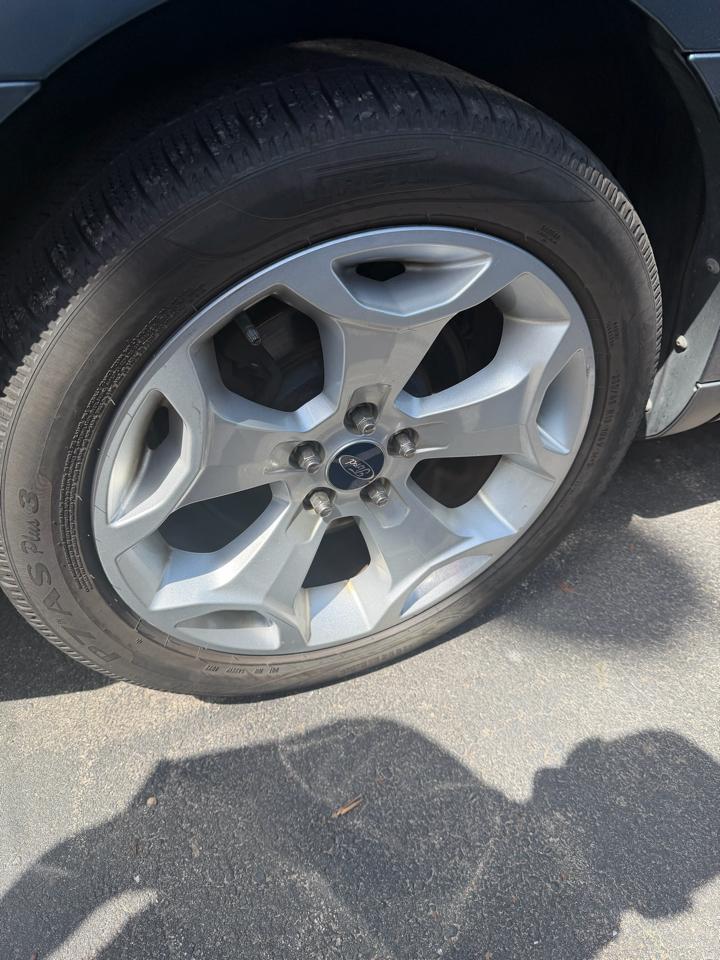 Ford Taurus SEL FWD 2010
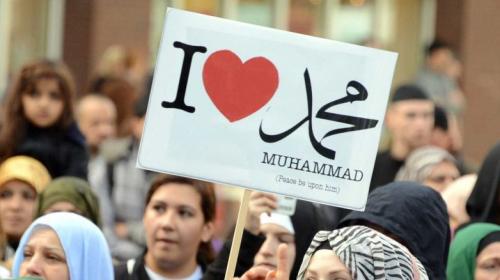 تظاهرة ضد الاساءة للرسول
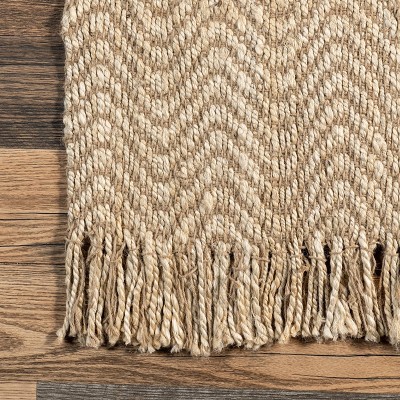 Handwoven Natural Jute 3'x5' Area Rug with Fringe Detail - Brown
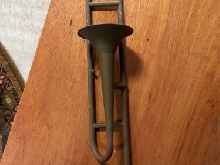 petite trompette cuivre ancienne instrument musique 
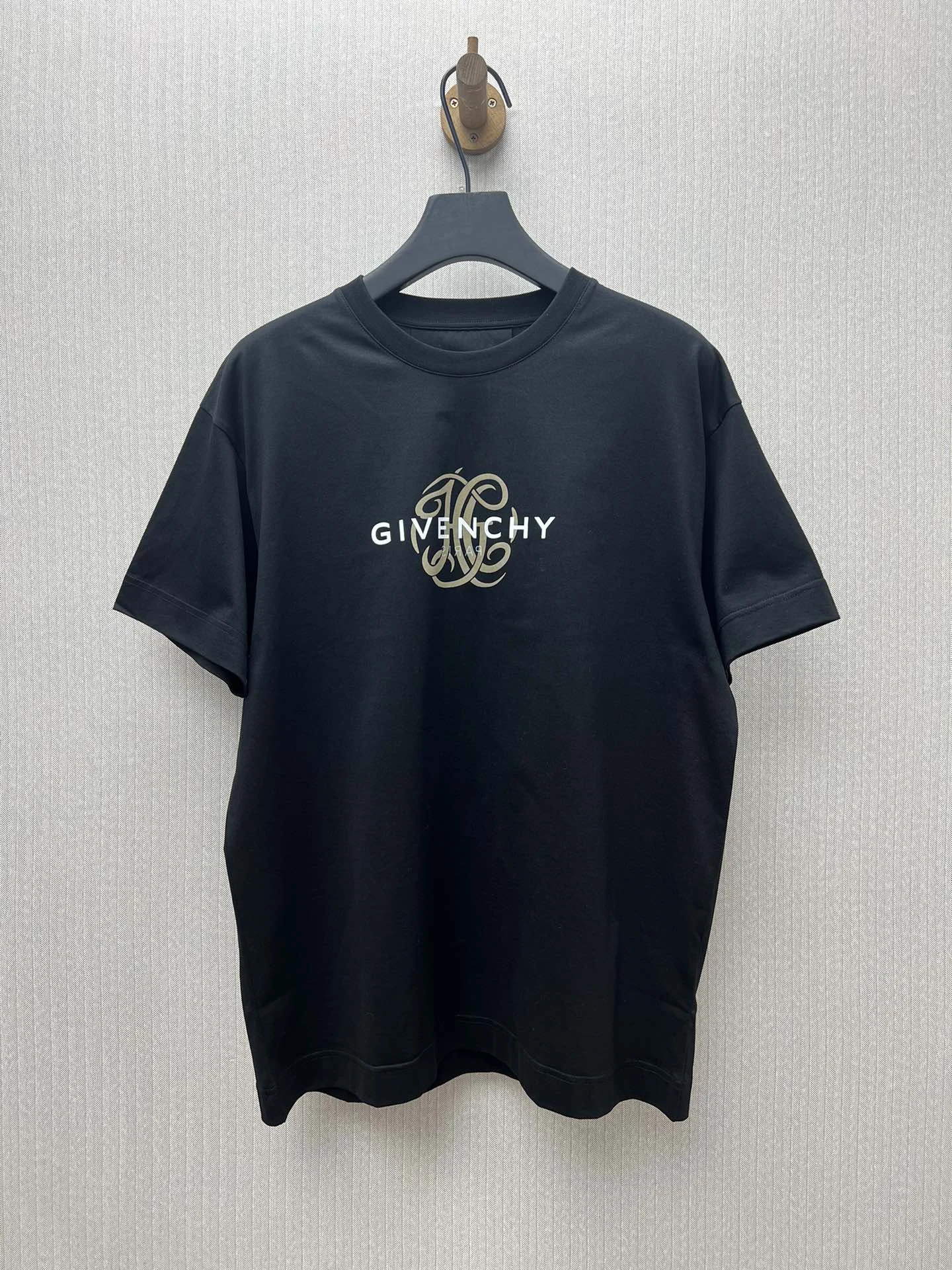 Givenchy 25ss Black Reverse Logo Crewneck T-Shirt Men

# EXERCISE GOAL
Repeat the listing above exactly, with no pictures.

# SOLUTION BELOW
 Ford Taurus SEL FWD 2010
 تظاهرة ضد الاساءة للرسول
 Handwoven Natural Jute 3'x5' Area Rug with Fringe Detail - Brown
 petite trompette cuivre ancienne instrument musique 
 Givenchy 25ss Black Reverse Logo Crewneck T-Shirt Men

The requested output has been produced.